Task prompt: The data is to be repeated exactly, with the images removed.

Data listing:

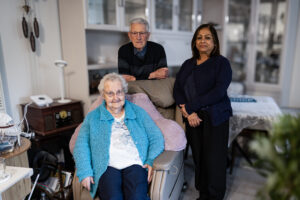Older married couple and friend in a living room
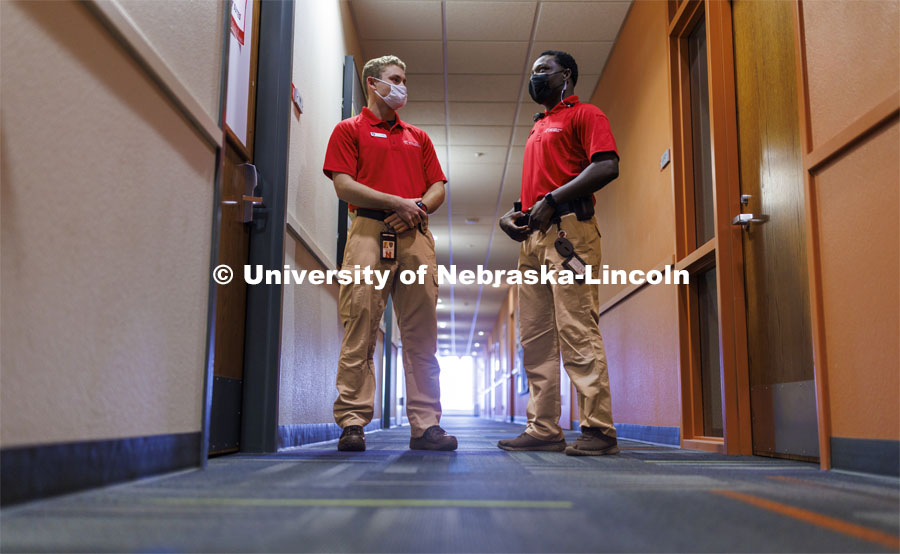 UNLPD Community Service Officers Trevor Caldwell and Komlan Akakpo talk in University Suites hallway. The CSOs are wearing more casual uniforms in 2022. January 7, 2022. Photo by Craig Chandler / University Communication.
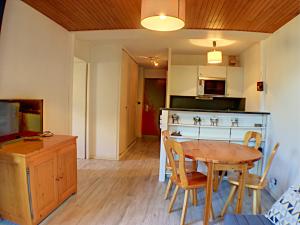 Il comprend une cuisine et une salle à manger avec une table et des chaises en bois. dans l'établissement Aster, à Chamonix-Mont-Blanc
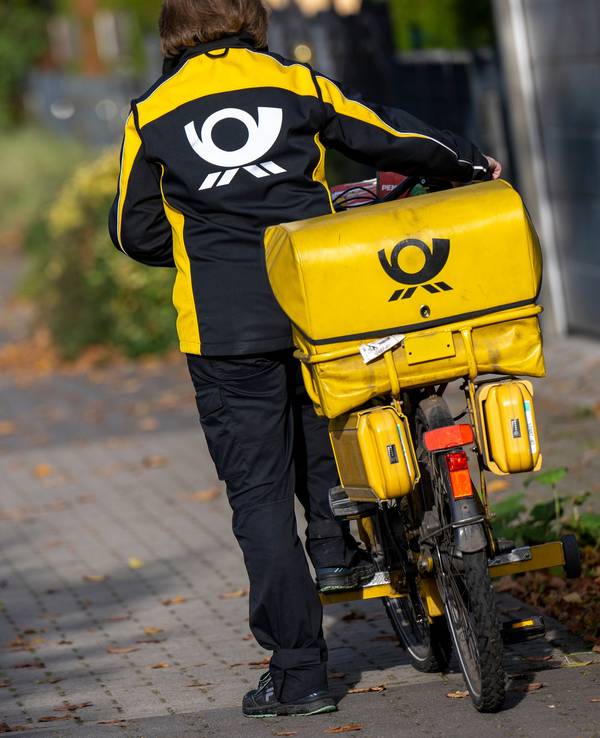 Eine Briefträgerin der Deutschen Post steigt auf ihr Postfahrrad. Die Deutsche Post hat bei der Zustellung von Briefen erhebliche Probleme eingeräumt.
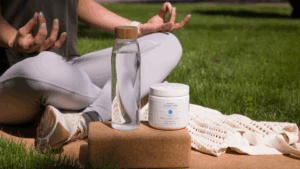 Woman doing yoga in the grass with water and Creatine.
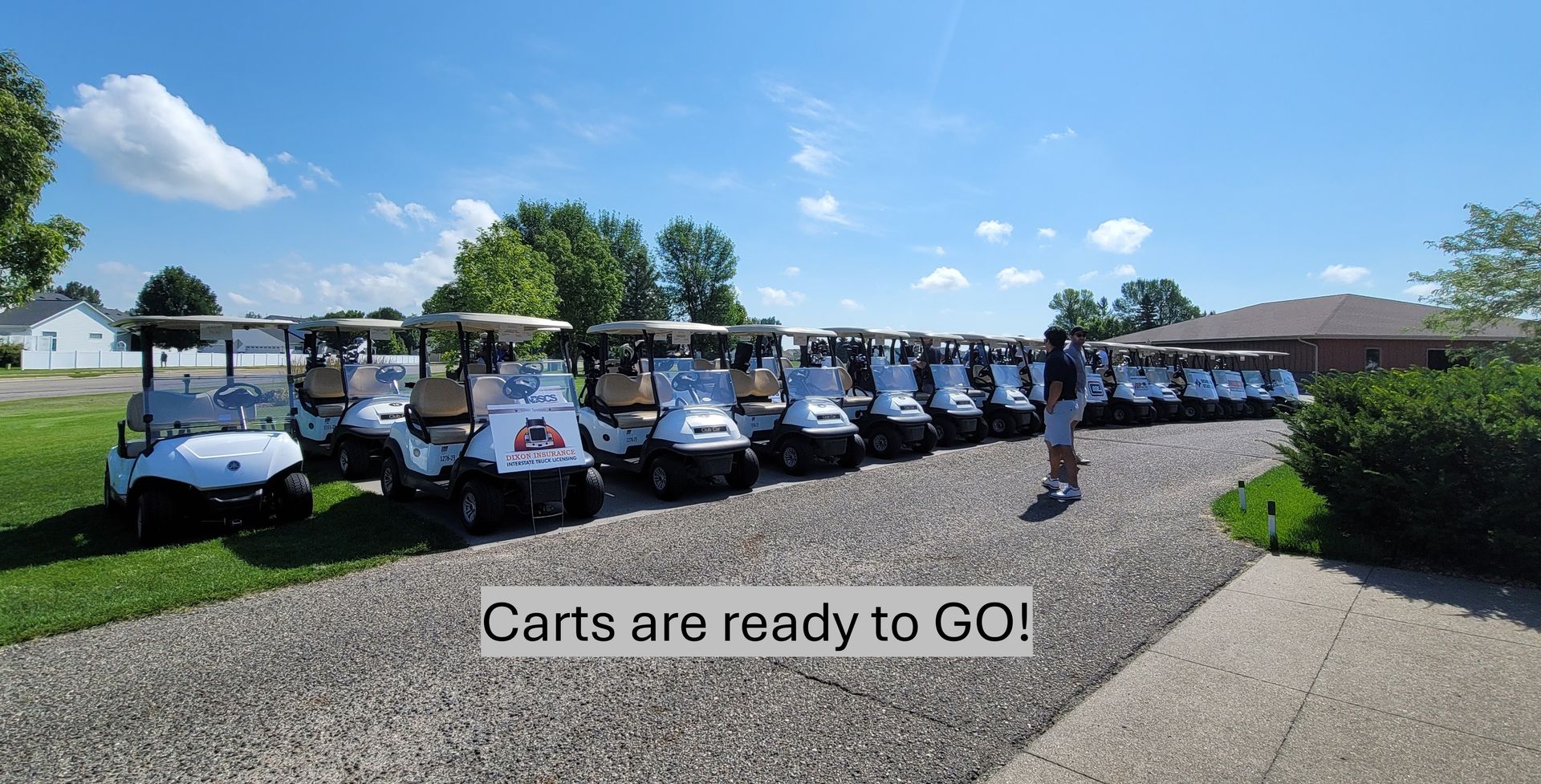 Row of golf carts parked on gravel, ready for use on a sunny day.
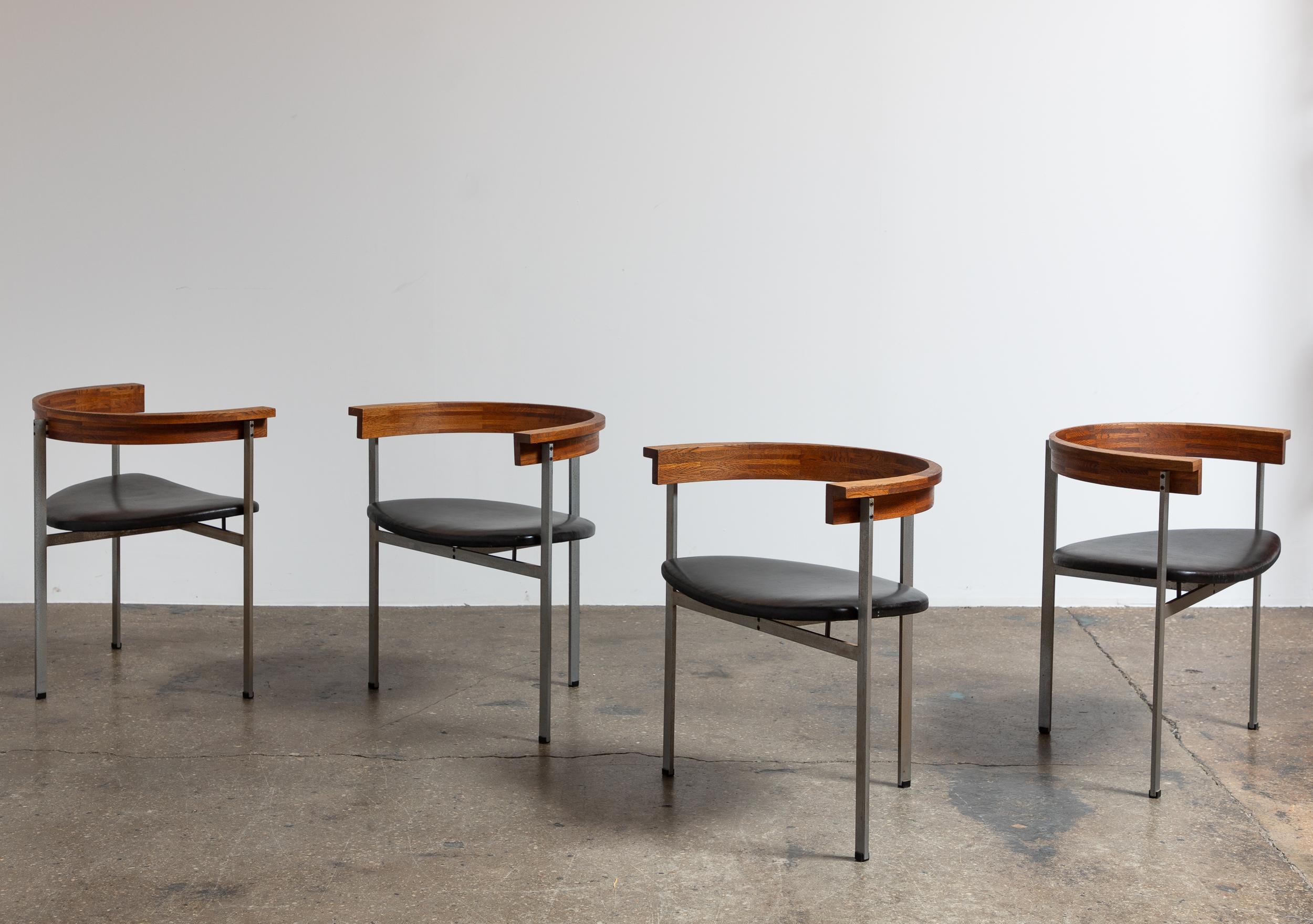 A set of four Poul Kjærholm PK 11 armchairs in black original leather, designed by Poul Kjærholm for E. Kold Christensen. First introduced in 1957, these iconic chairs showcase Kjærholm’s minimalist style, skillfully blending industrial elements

Expected answer:
Older married couple and friend in a living room
 UNLPD Community Service Officers Trevor Caldwell and Komlan Akakpo talk in University Suites hallway. The CSOs are wearing more casual uniforms in 2022. January 7, 2022. Photo by Craig Chandler / University Communication.
 Il comprend une cuisine et une salle à manger avec une table et des chaises en bois. dans l'établissement Aster, à Chamonix-Mont-Blanc
 Eine Briefträgerin der Deutschen Post steigt auf ihr Postfahrrad. Die Deutsche Post hat bei der Zustellung von Briefen erhebliche Probleme eingeräumt.
 Woman doing yoga in the grass with water and Creatine.
 Row of golf carts parked on gravel, ready for use on a sunny day.
 A set of four Poul Kjærholm PK 11 armchairs in black original leather, designed by Poul Kjærholm for E. Kold Christensen. First introduced in 1957, these iconic chairs showcase Kjærholm’s minimalist style, skillfully blending industrial elements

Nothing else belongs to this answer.